O Maranhão também está na dianteira em relação ao número de municípios afetados.Em quase metade dos 217 municípios maranhenses os prefeitos querem porque querem decretar situação de emergência.

De olho grande nos cofres da União e do Estado, os prefeitos enxergam primeiro a resolução de seus problemas de caixa, gerados durante a administração ou com vistas à eleição de outubro. Como o maranhense é solidário, aparentemente, em situações de calamidade, esses prefeitos
manifestam um sentimento filantrópico cima de qualquer avidez das rapinas.Juram que estão com as melhores das intenções com o próximo.

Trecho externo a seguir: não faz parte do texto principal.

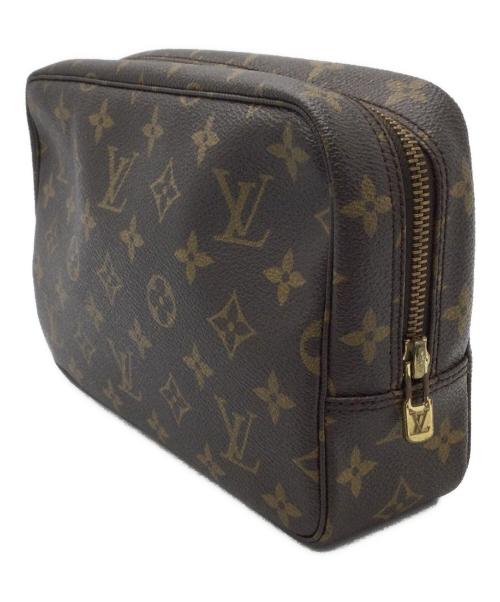 LOUIS VUITTON（ルイ ヴィトン）LOUIS VUITTON (ルイ ヴィトン) トゥルーストワレット23の古着・服飾アイテム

Há um alvoroço em torno da decretação da situação de emergência. Com o instrumento em punho podem as prefeituras contratar sem licitação serviços necessários ao atendimento das populações desalojadas de suas pobres casas.  Tudo começou em dosi municípios: Raposa, Paço do Lumiar e Gonçalves Dias. Aumentando conforme os pingos d´água, chegamos a 28
municípios em situação de emergência.

Na história recente da política do Maranhão encontram páginas manchadas por dedos da corrupção cometida sob o manto do espírito solidário e da responsabilidade do gestor honesto. È a indústria da secas ao avesso.

Municípios como Lago da Pedra, Arame, São Luís Gonzaga e outros agora castigados pelas águas, por anos a fio suas populações sofrem sob o jugo de grupos políticos norteados apenas pelos seus projetos políticos de dominação. Daí a afobação em decretar situação de emergência e até estado de calamidade.

Às vésperas das eleições de outubro é preciso tomar cuidados com os prefeitos gaviões infinitamente mais interessados em bicar as verbas destinados à atender os flagelados para seus projetos eleitoreiros.Em São Luís a fratura é escamoteada pelo gestor municipal que preferelançar mão de tiradas que acredita espirituosa.  Enquanto discute a São Luís de 2012, a cidade enfrenta nos dias atuais problemas que remontam o século XVII, quando os portugueses iniciaram o traçado da cidade. Mesmo assim aqui e acolá se soletra a palavra planejamento estratégico como quem junta um bê com á.

Os problemas urbanos gerados pelas chuvas não são menores que os dos flagelados das zonas rurais do Estado. Mas, com medo de sofrer um revés em sua imagem ilibada e imperiosa, o prefeito Tadeu Palácio prefere agir como se nada houvesse entre o céu e a terra. Pior para os eleitores inebriados por uma imagem esculpida por um marketing que desfalca em milhões os
cofres municipais. Só podemos deduzir que, ou por incompetência ou por simples opção os gestores perpetuam problemas ancestrais.